## EXERCISE
Every entry below is to be copied word for word, with its pictures removed.

## WORKING DATA
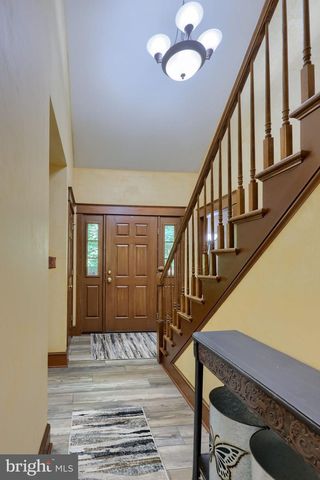 1701 HICKORY DR, Lebanon, PA 17042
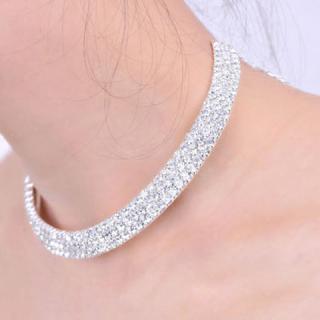 Elegant Style and Gorgeous Rhinestone Embellished Necklace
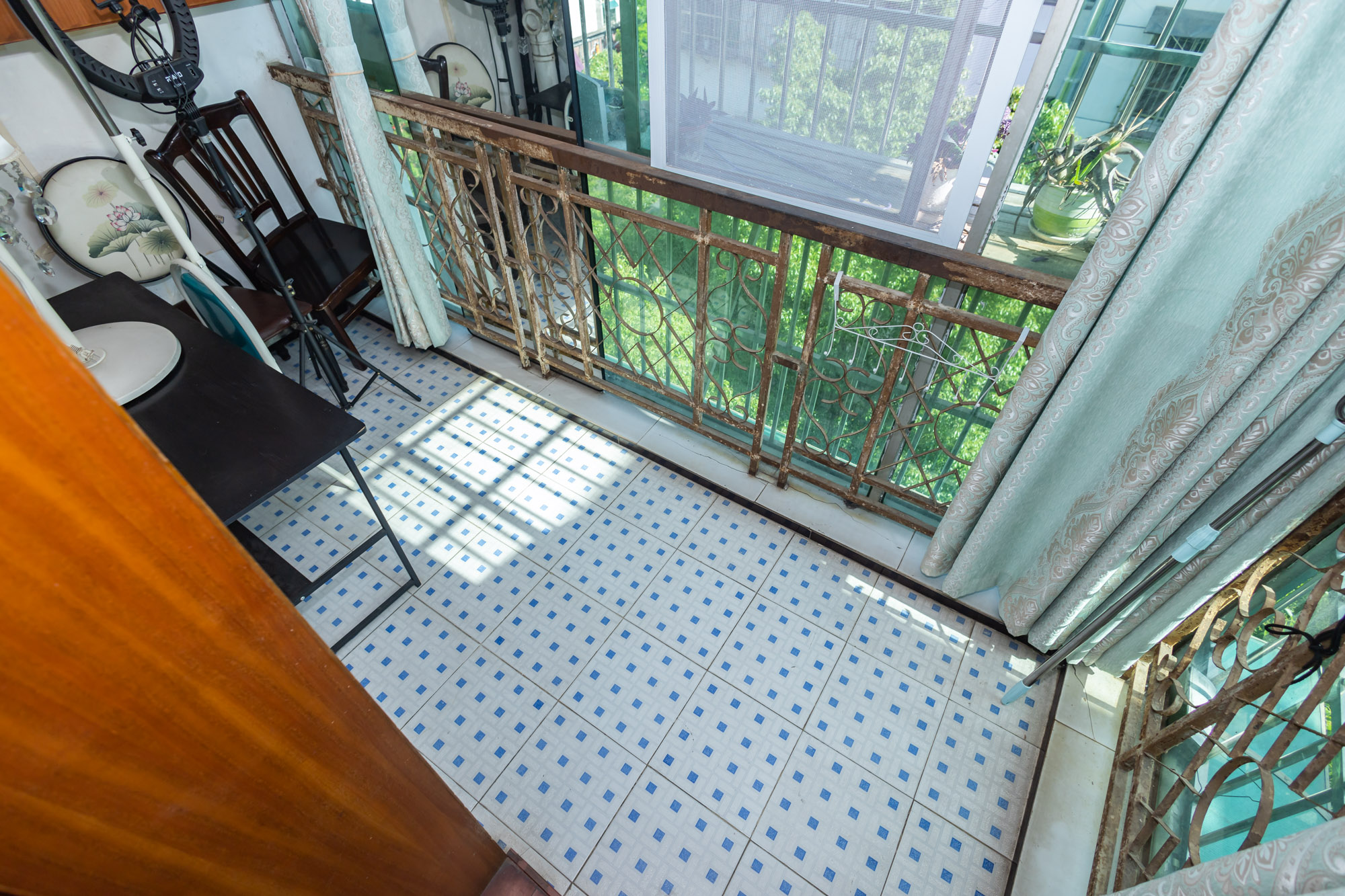 中南汽车世界 2室2厅1卫 35.0万 中南汽车世界 2室2厅1卫 35.0万阳台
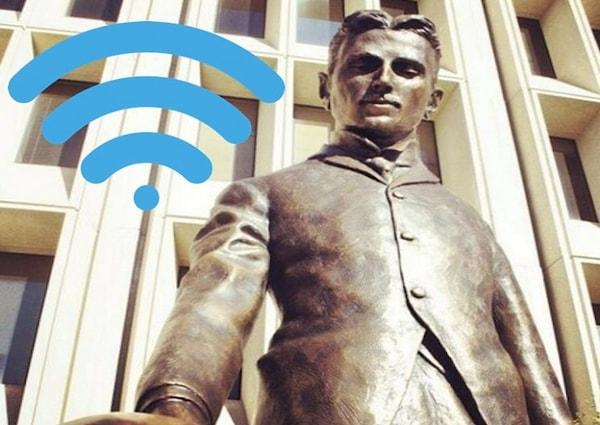 7. Silikon Vadisi'nde bulunan bronzdan yapılmış ve elinde yanan bir ampul bulunan Nikola Tesla heykeli ücretsiz Wi-Fi hizmeti sunmaktadır.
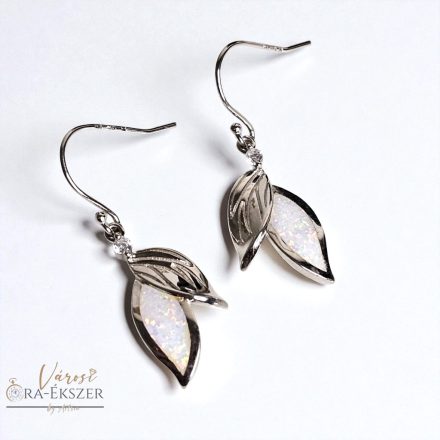 925 EZÜST FÜLBEVALÓ FEHÉR OPÁL KŐVEL, LÓGÓS, AKASZTÓS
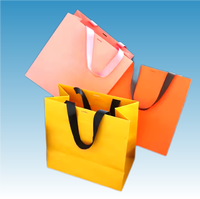 Sacs en papier personnalisés pour la vente en gros de vêtements de luxe, bijoux, cadeaux, avec logo de marque, ruban et accessoires de lamination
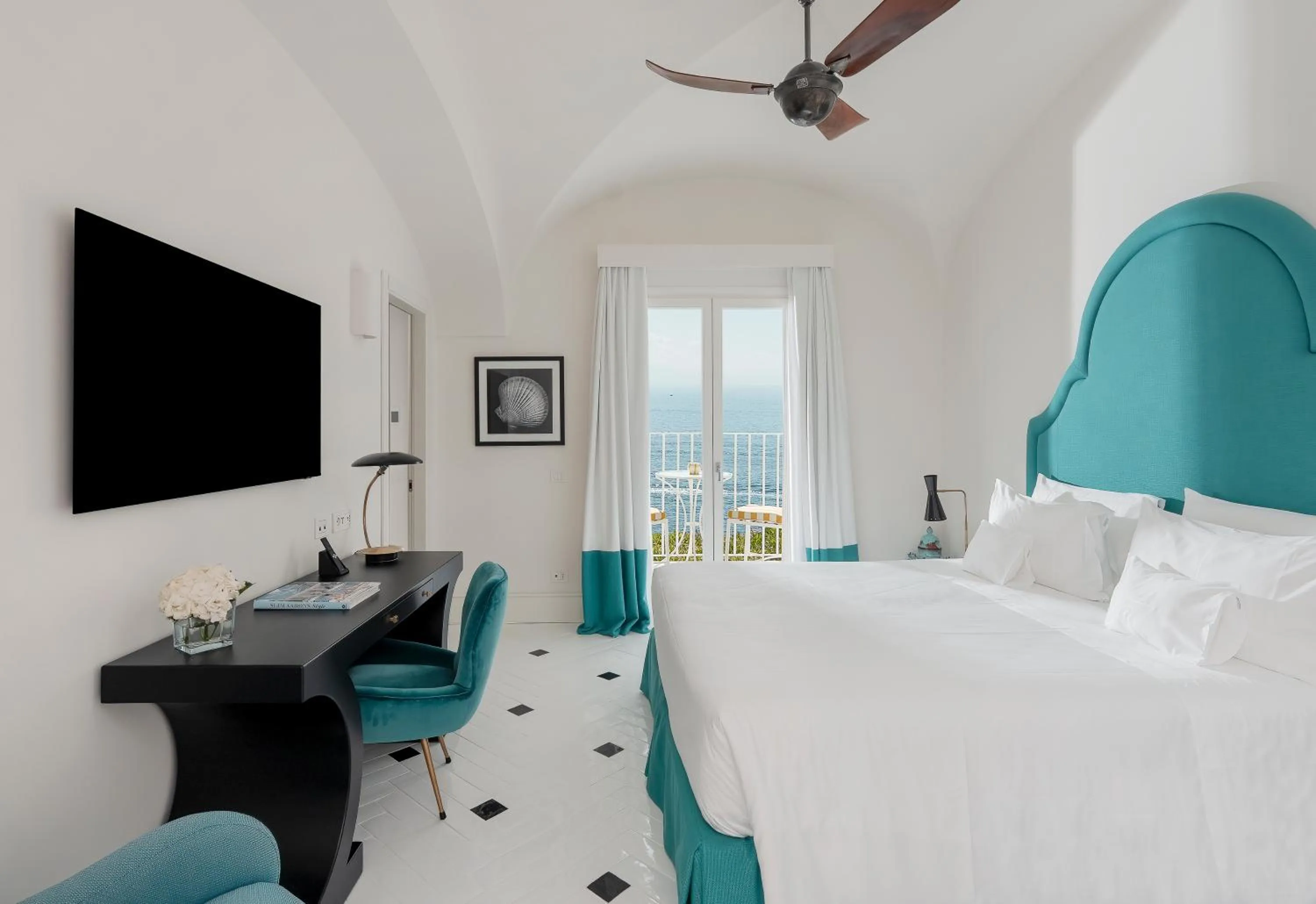 Bedroom, Bed in Hotel Miramalfi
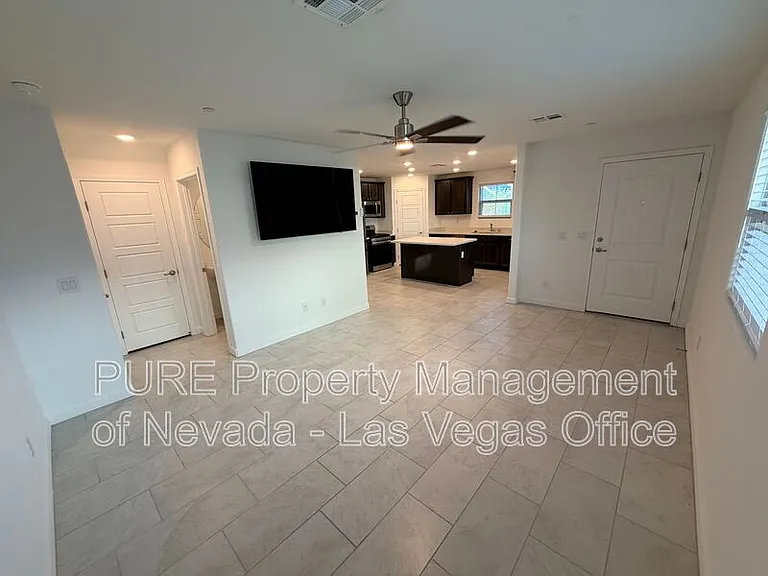 815 Watford Pl — Photo 6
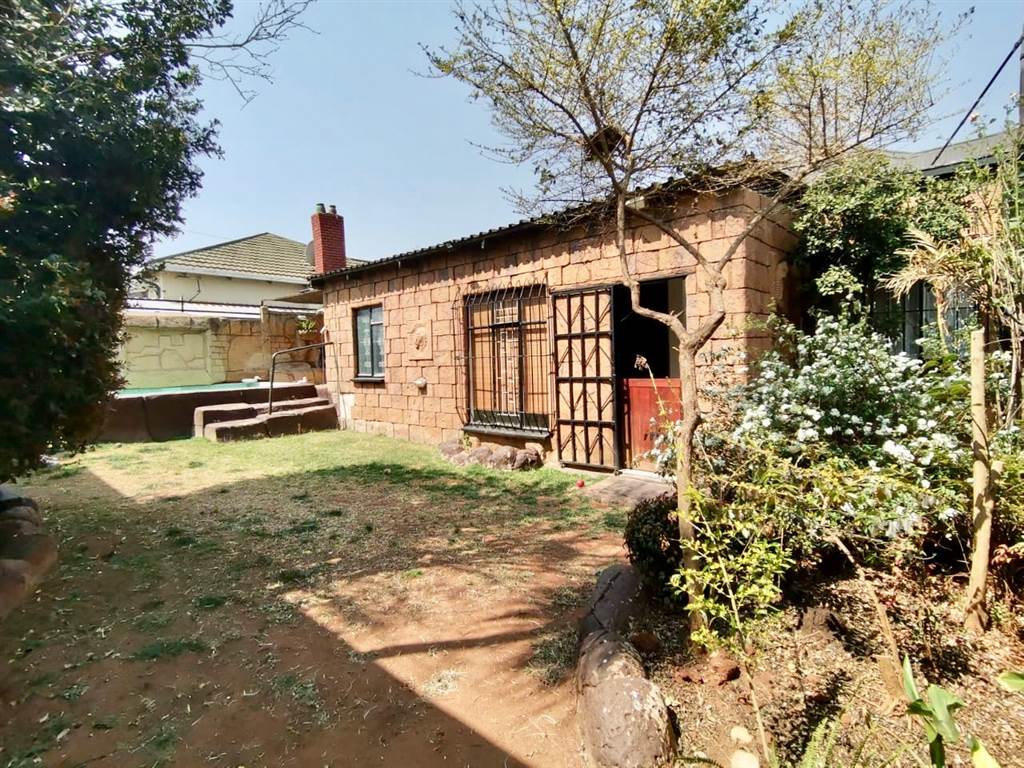 2 Bed House in Krugersdorp North photo number 15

## RESULT
 1701 HICKORY DR, Lebanon, PA 17042
 Elegant Style and Gorgeous Rhinestone Embellished Necklace
 中南汽车世界 2室2厅1卫 35.0万 中南汽车世界 2室2厅1卫 35.0万阳台
 7. Silikon Vadisi'nde bulunan bronzdan yapılmış ve elinde yanan bir ampul bulunan Nikola Tesla heykeli ücretsiz Wi-Fi hizmeti sunmaktadır.
 925 EZÜST FÜLBEVALÓ FEHÉR OPÁL KŐVEL, LÓGÓS, AKASZTÓS
 Sacs en papier personnalisés pour la vente en gros de vêtements de luxe, bijoux, cadeaux, avec logo de marque, ruban et accessoires de lamination
 Bedroom, Bed in Hotel Miramalfi
 815 Watford Pl — Photo 6
 2 Bed House in Krugersdorp North photo number 15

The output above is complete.